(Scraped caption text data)
● ● ● ●
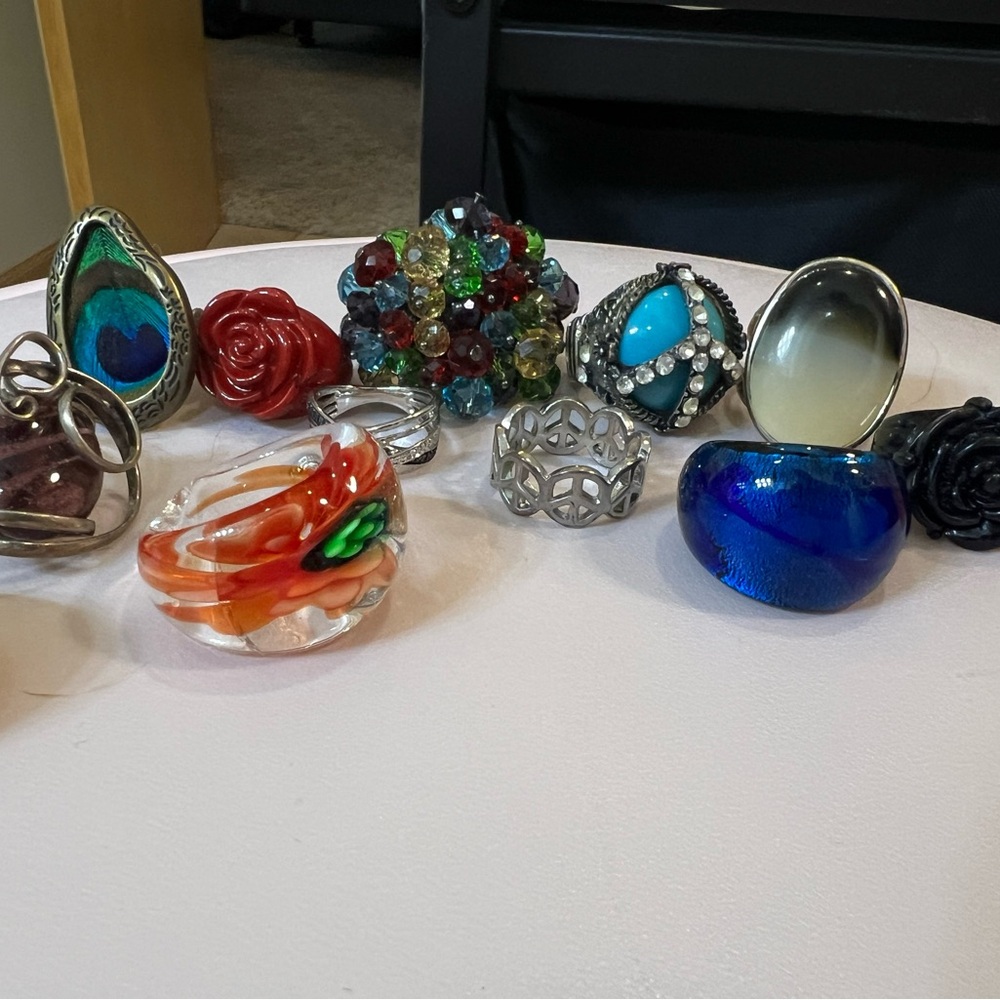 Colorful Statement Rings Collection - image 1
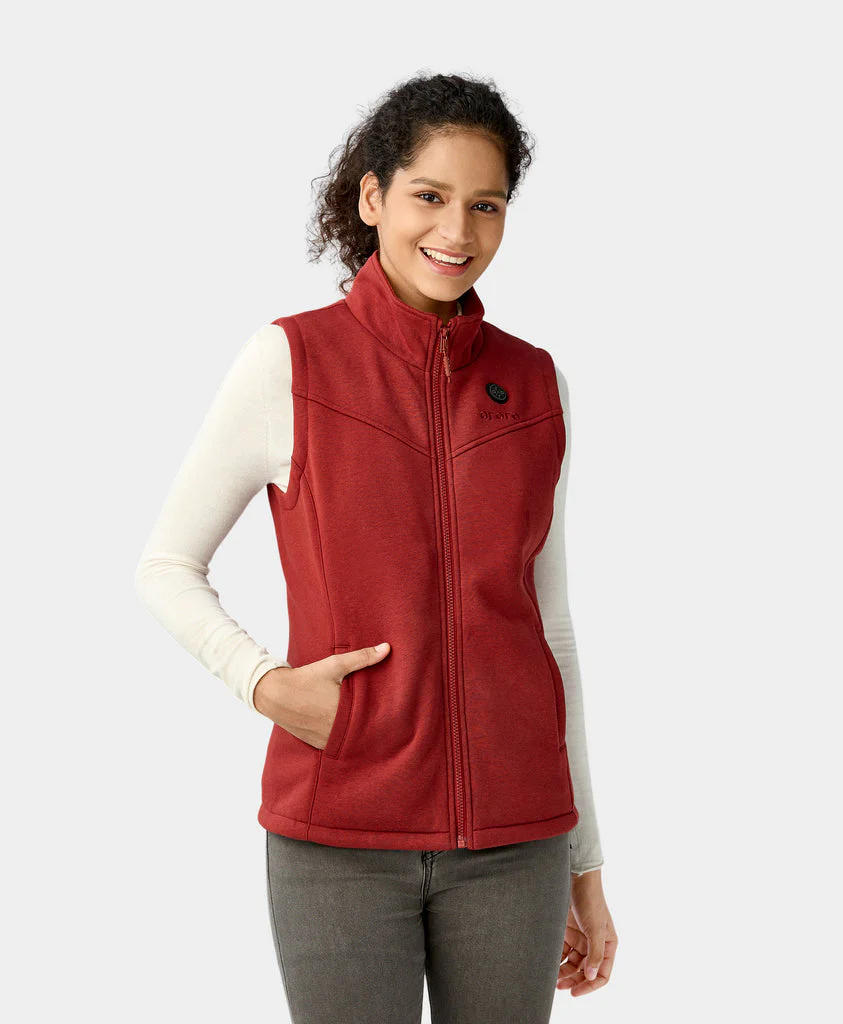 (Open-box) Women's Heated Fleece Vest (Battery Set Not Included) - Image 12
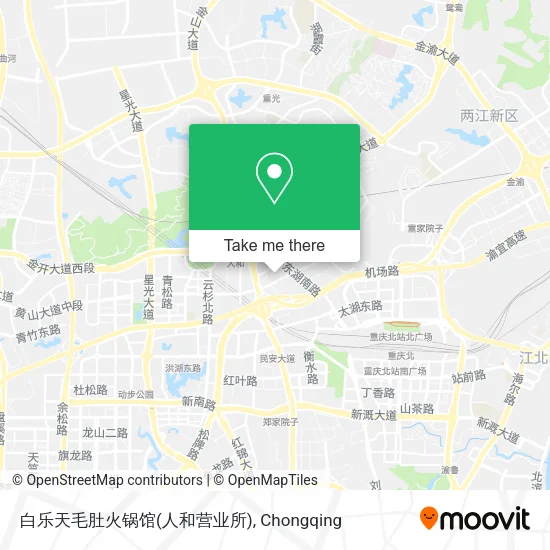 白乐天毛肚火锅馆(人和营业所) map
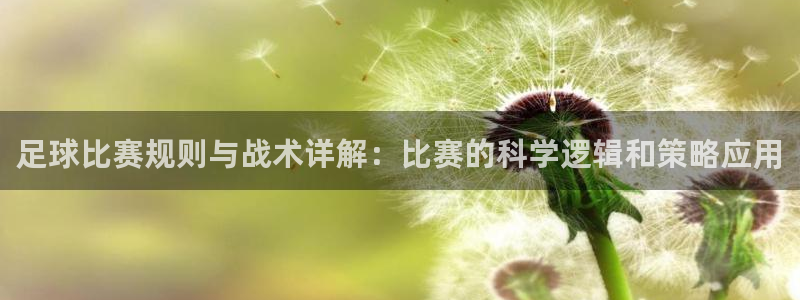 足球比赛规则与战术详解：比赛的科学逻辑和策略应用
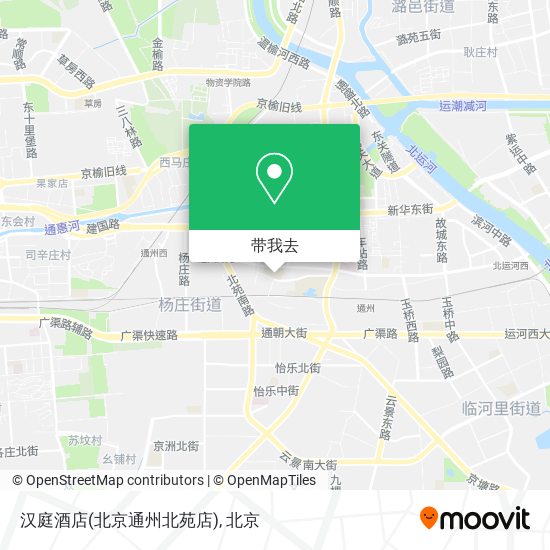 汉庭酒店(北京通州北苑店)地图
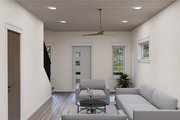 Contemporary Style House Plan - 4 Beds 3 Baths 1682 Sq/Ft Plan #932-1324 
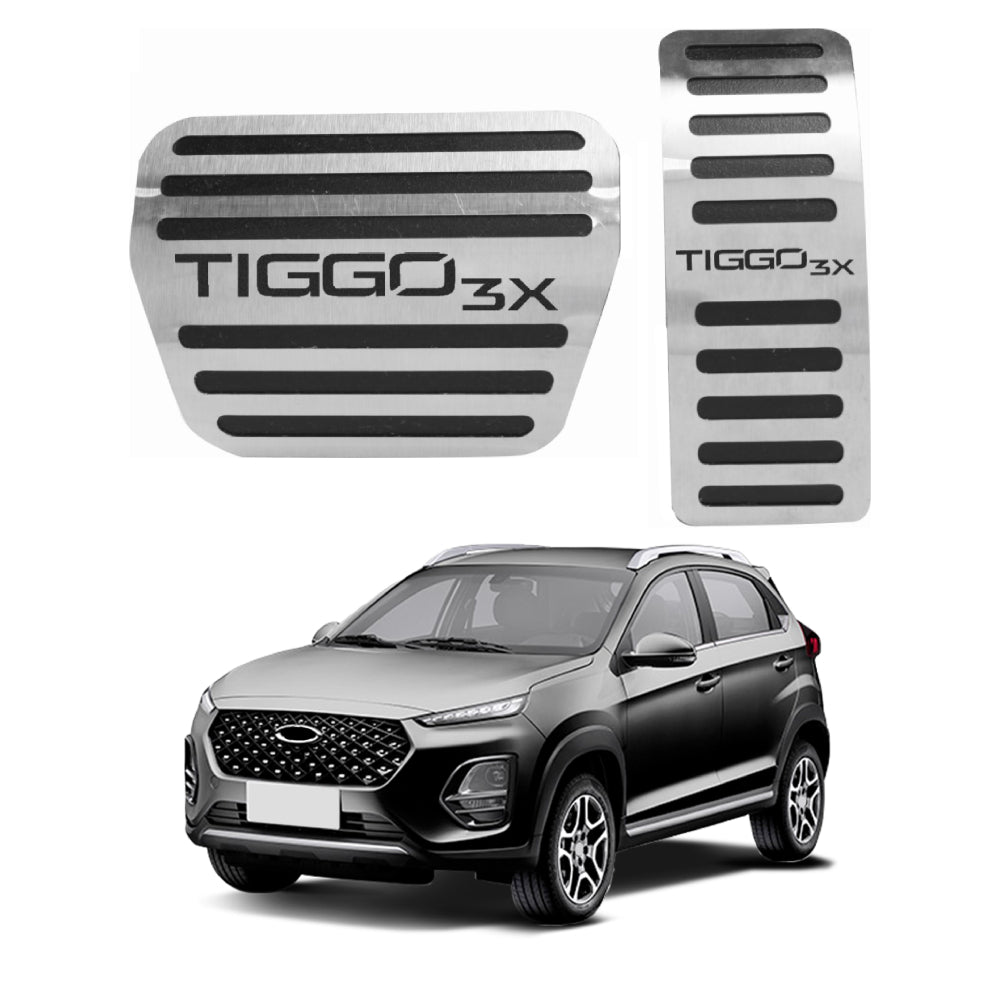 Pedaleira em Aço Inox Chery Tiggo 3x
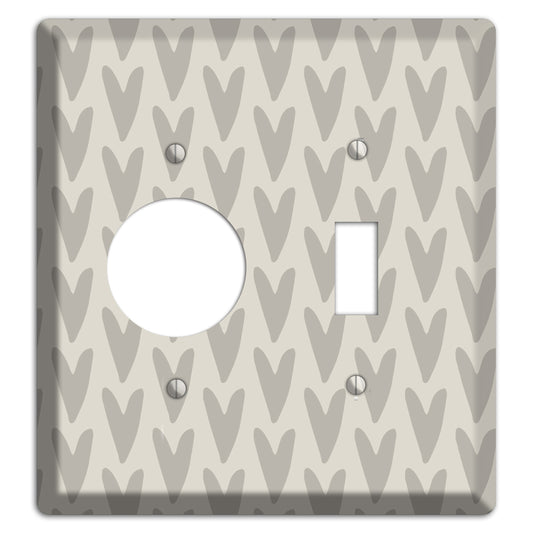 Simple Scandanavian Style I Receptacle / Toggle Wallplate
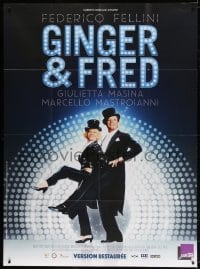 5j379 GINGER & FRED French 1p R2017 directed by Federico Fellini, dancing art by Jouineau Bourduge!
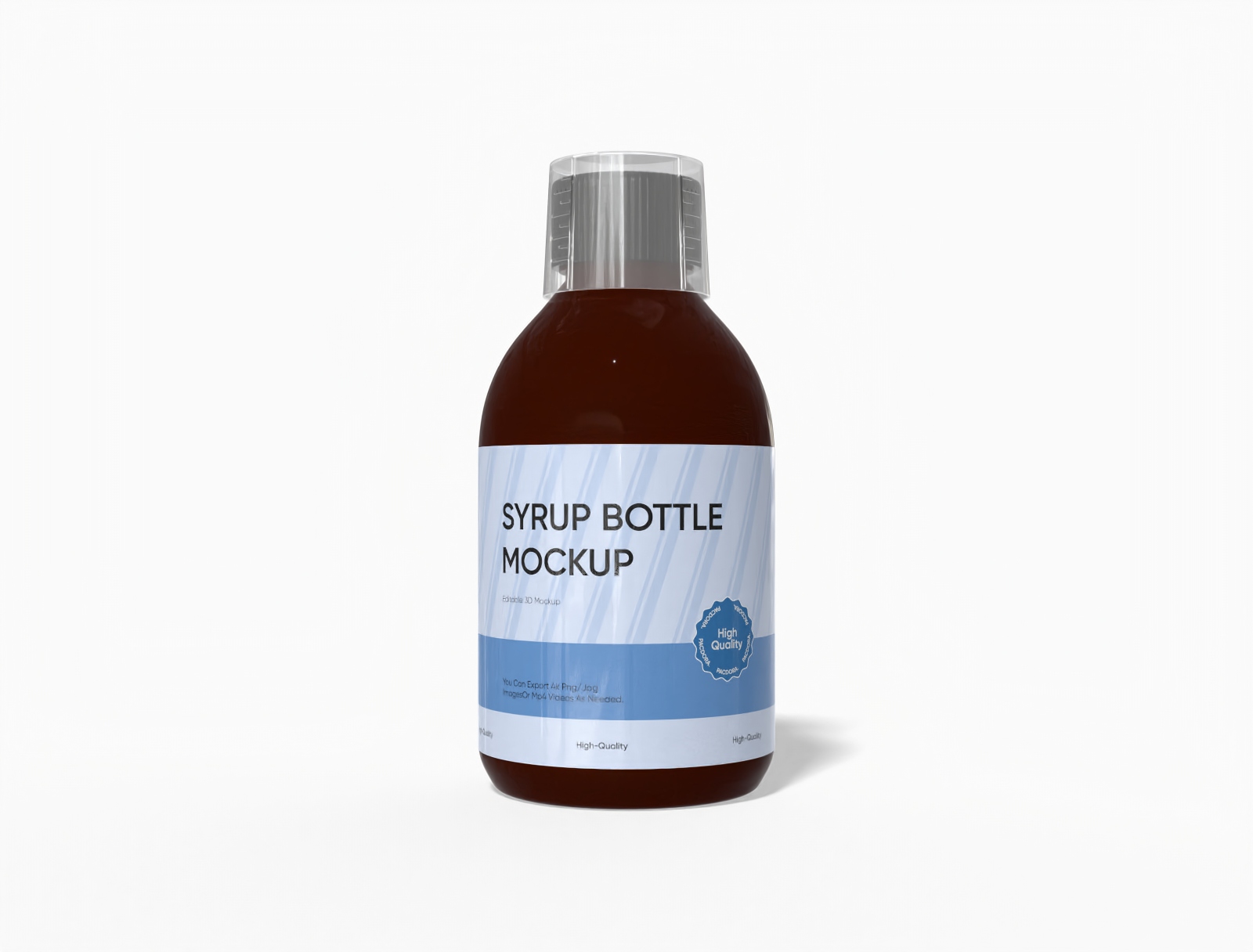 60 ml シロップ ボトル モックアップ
● ● ● ●
Each line from the one containing "足球比赛规则与战术详解：比赛的科学逻辑和策略应用" through the last line of the data should be written out exactly. Skip the pictures, and add no other lines.

*RESULT OF THIS TASK*.
 足球比赛规则与战术详解：比赛的科学逻辑和策略应用
 汉庭酒店(北京通州北苑店)地图
 Contemporary Style House Plan - 4 Beds 3 Baths 1682 Sq/Ft Plan #932-1324 
 Pedaleira em Aço Inox Chery Tiggo 3x
 Simple Scandanavian Style I Receptacle / Toggle Wallplate
 5j379 GINGER & FRED French 1p R2017 directed by Federico Fellini, dancing art by Jouineau Bourduge!
 60 ml シロップ ボトル モックアップ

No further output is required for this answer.